Write out again, unchanged, the line that has "Bavaria Cruiser 46 - 4 cab. — photo 5" and each following line through the end of the entries below; leave pictures out.
** Dataset entries follows **
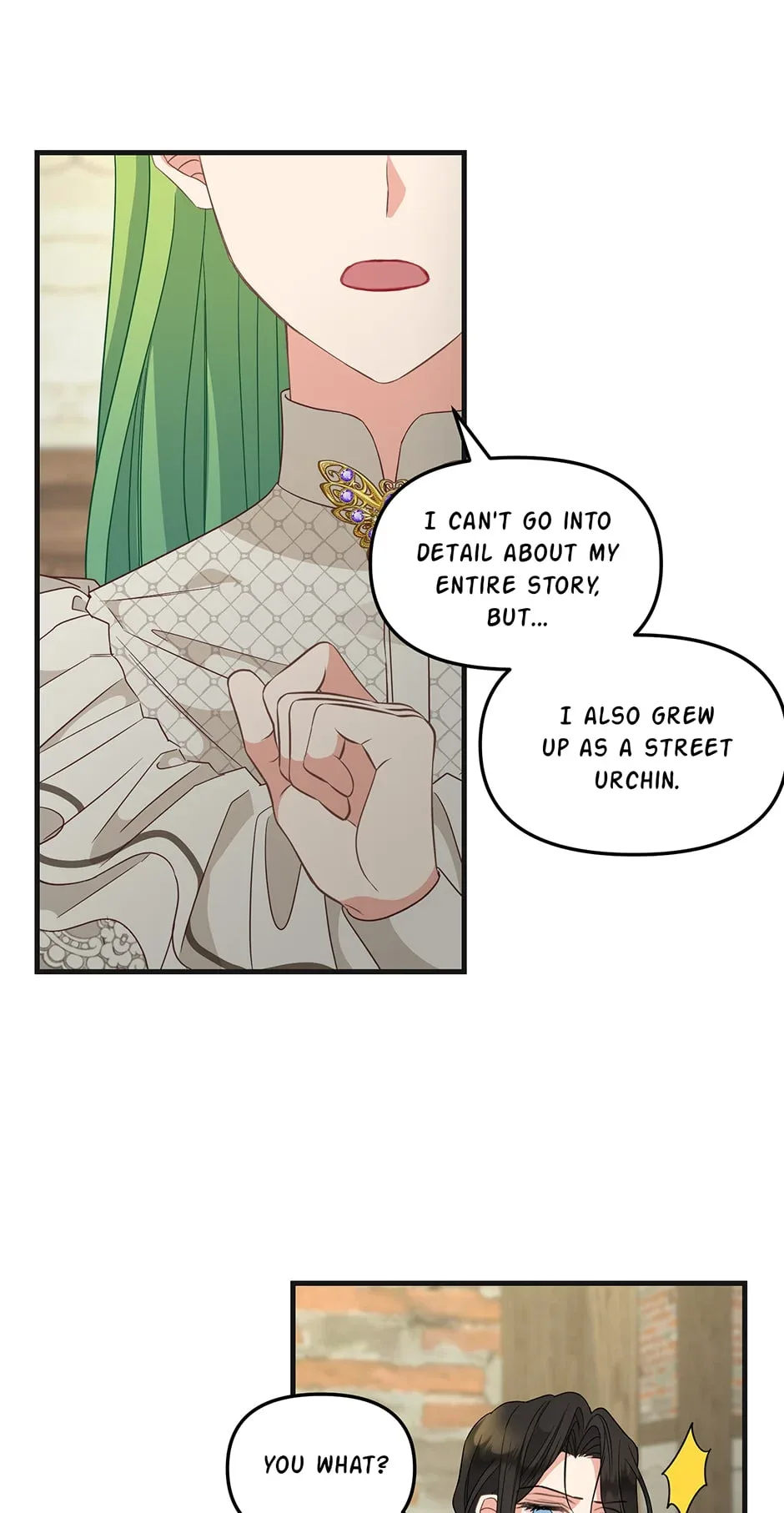 Please Throw Me Away Chapter 96 page 24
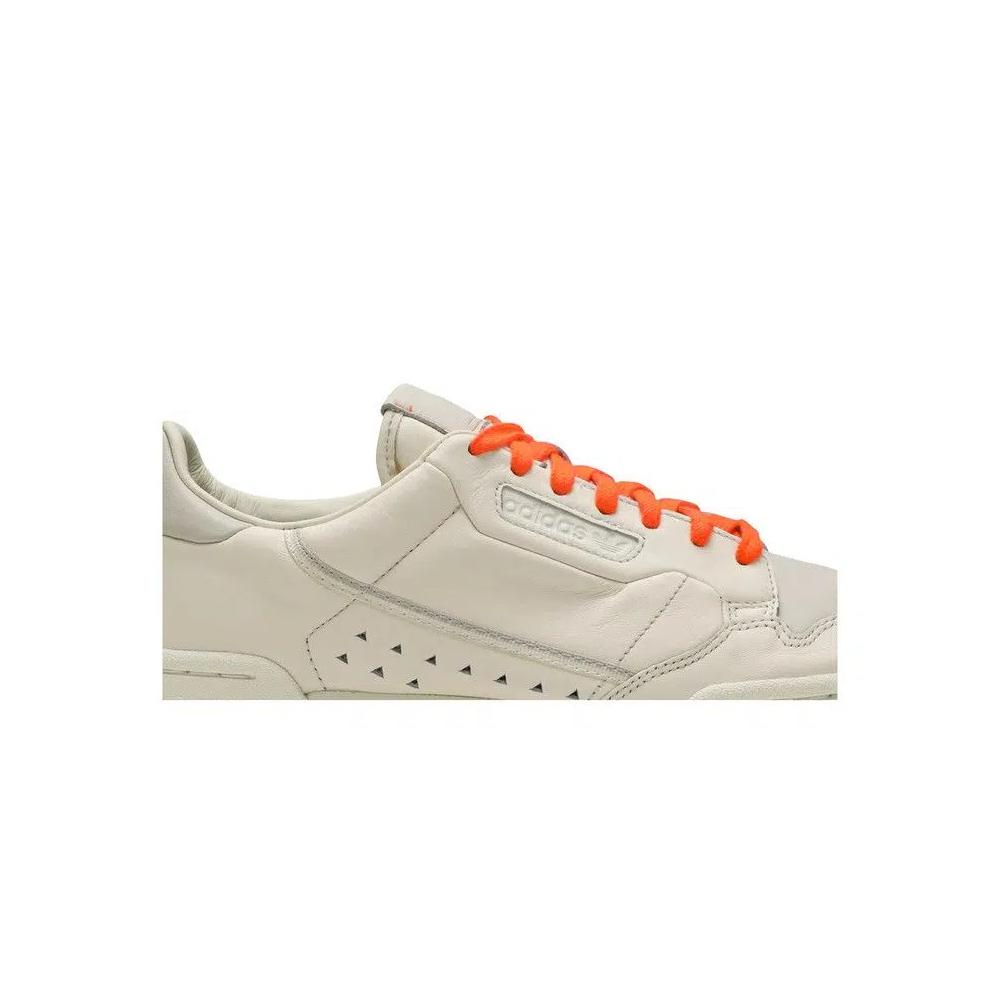 Кроссовки Pharrell Williams x adidas Continental 80 'Cream' 2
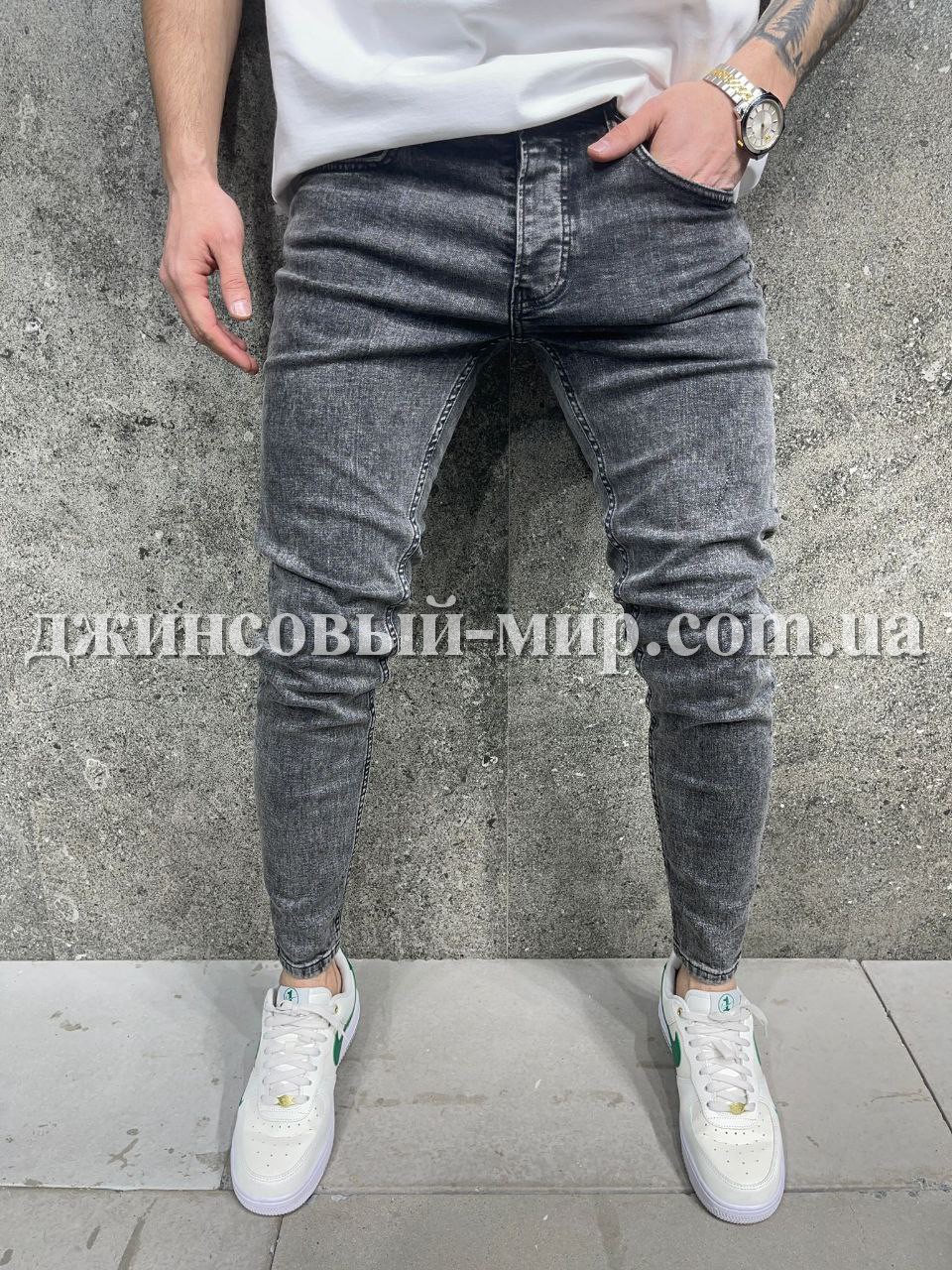 Молодёжные Мужские Джинсы 2Y Premium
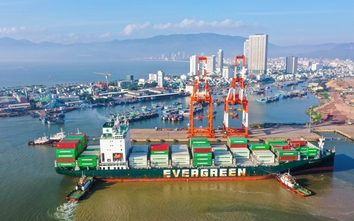 Tăng tốc thi công dự án nâng cấp luồng Quy Nhơn cho tàu 50.000 DWT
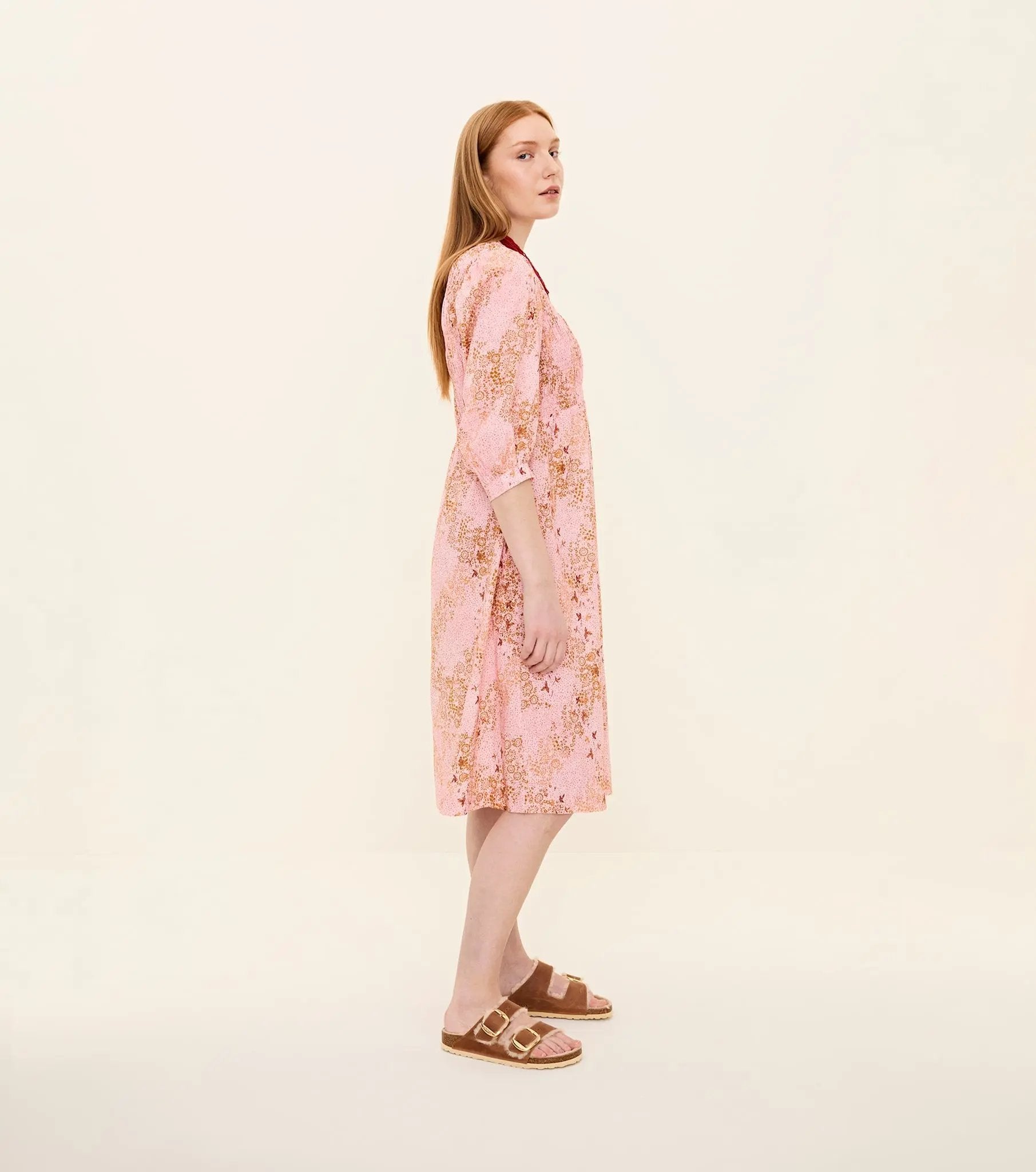 Blooming Dress Odd Molly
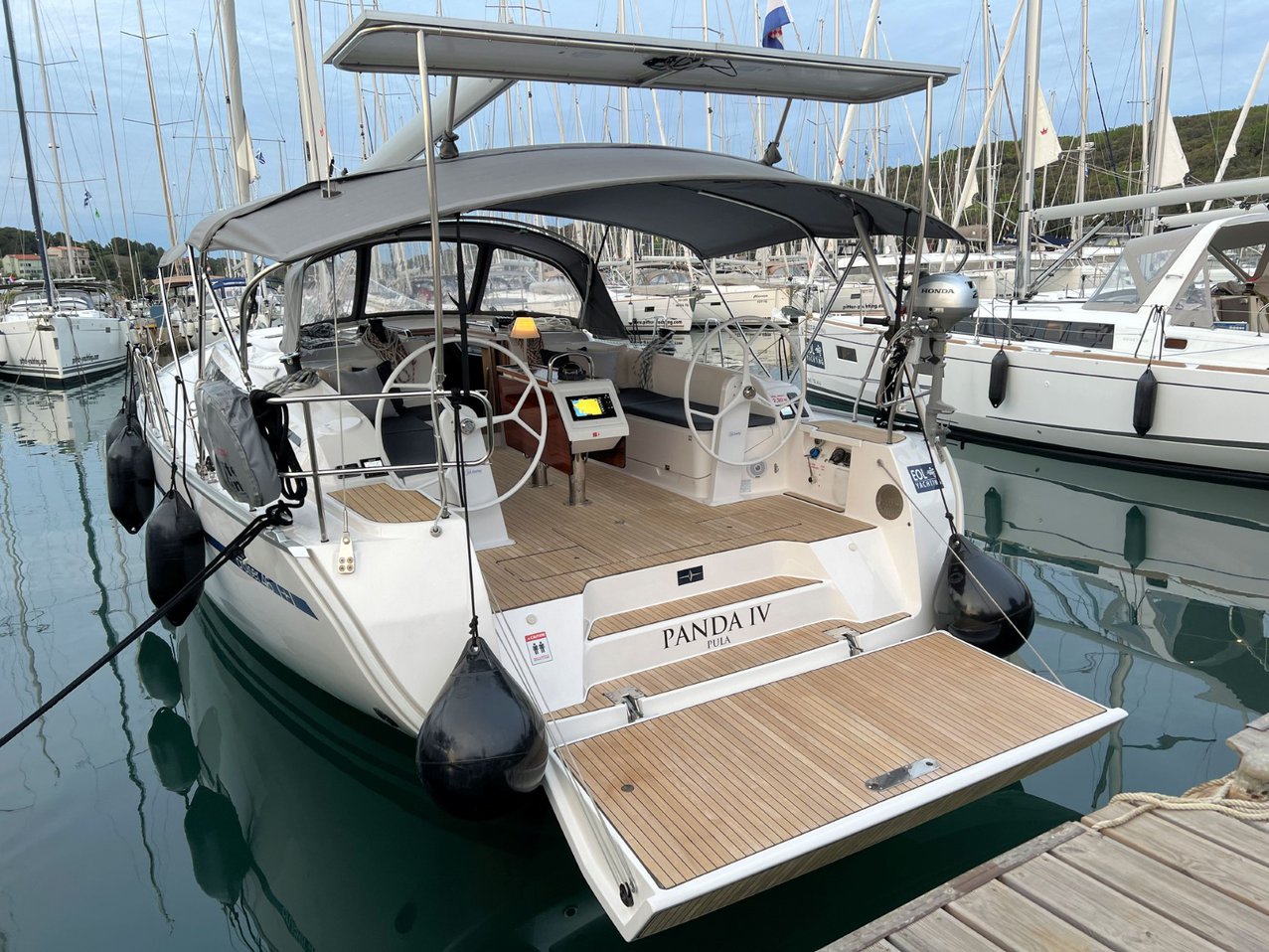 Bavaria Cruiser 46 - 4 cab. — photo 5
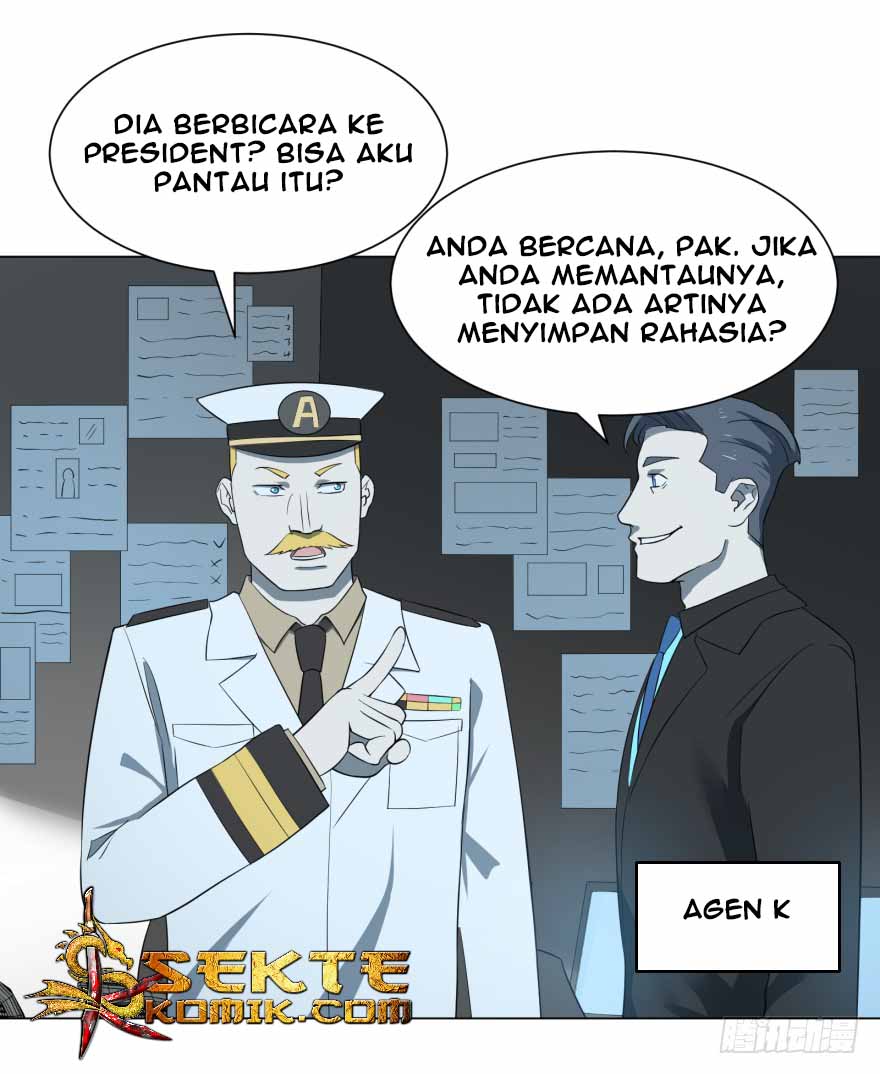 List of Big Villians Chapter 11 - halaman 11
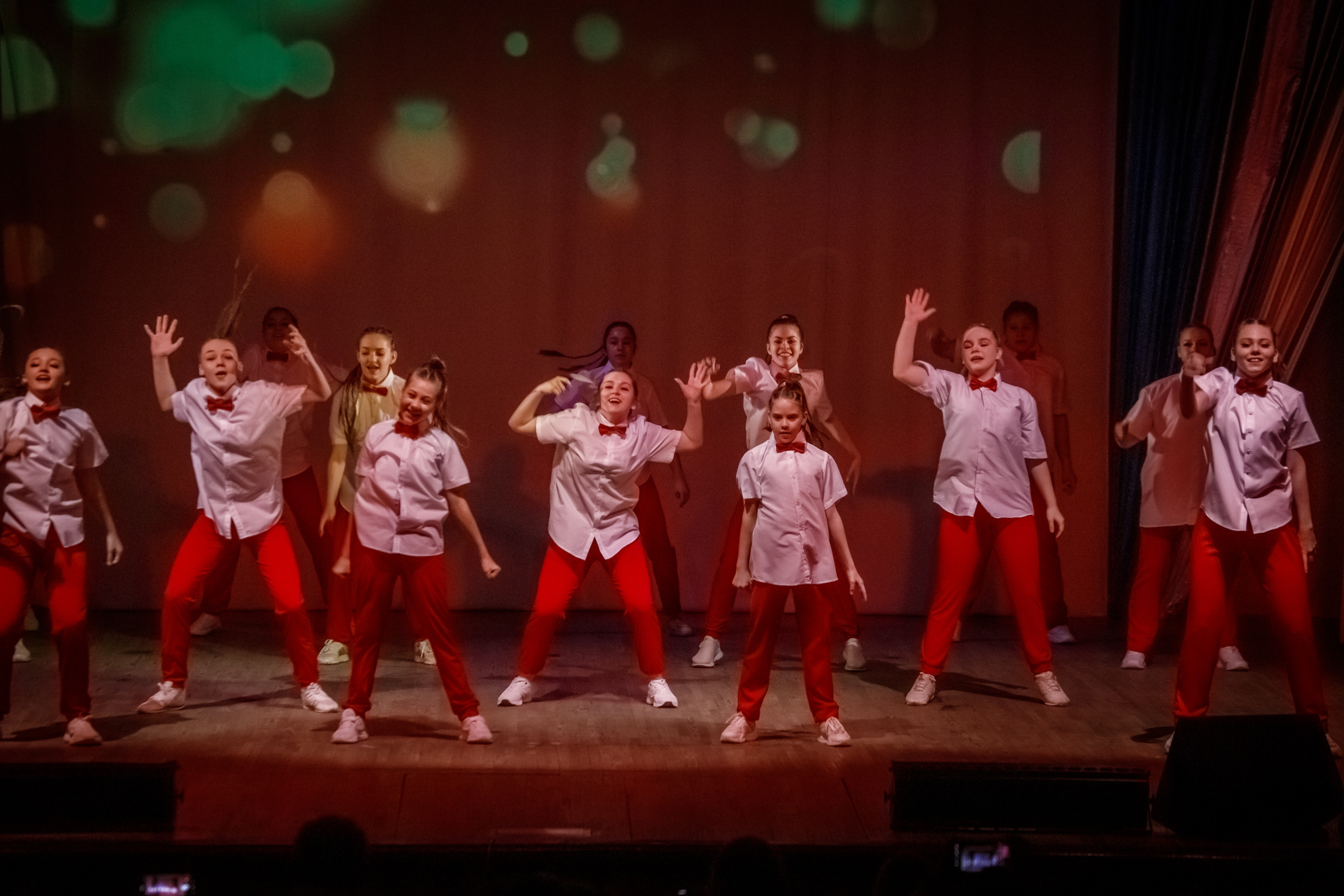 Концерт открытия ДК «ПОБЕДА» в Юрге. Фотограф для хороших людей в Юрге, Томске, Кемерово, Республике Алтай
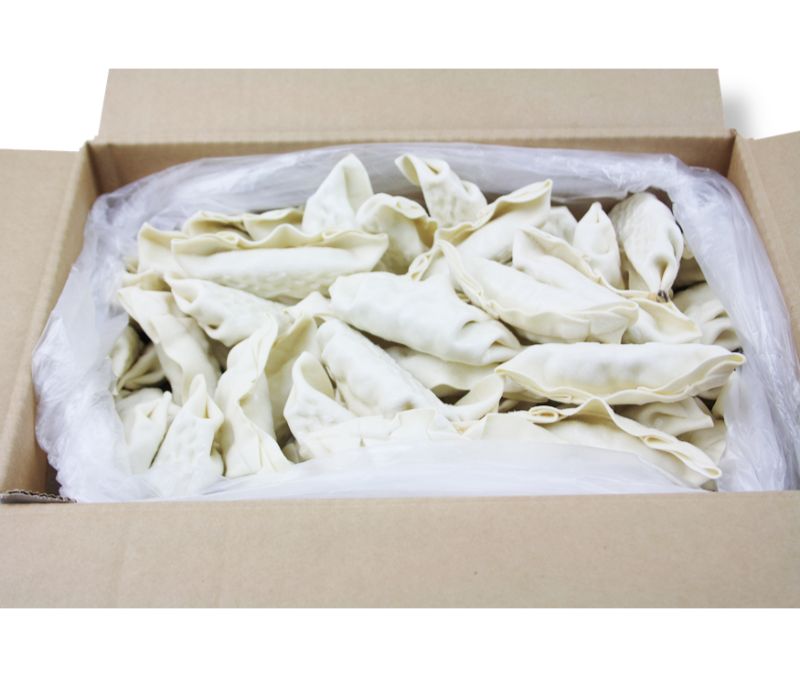 Gyozas de pollo y fungus (1 caja de 3 kg)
** End of Dataset entries **
▶ [Answer for this exercise]:
 Bavaria Cruiser 46 - 4 cab. — photo 5
 List of Big Villians Chapter 11 - halaman 11
 Концерт открытия ДК «ПОБЕДА» в Юрге. Фотограф для хороших людей в Юрге, Томске, Кемерово, Республике Алтай
 Gyozas de pollo y fungus (1 caja de 3 kg)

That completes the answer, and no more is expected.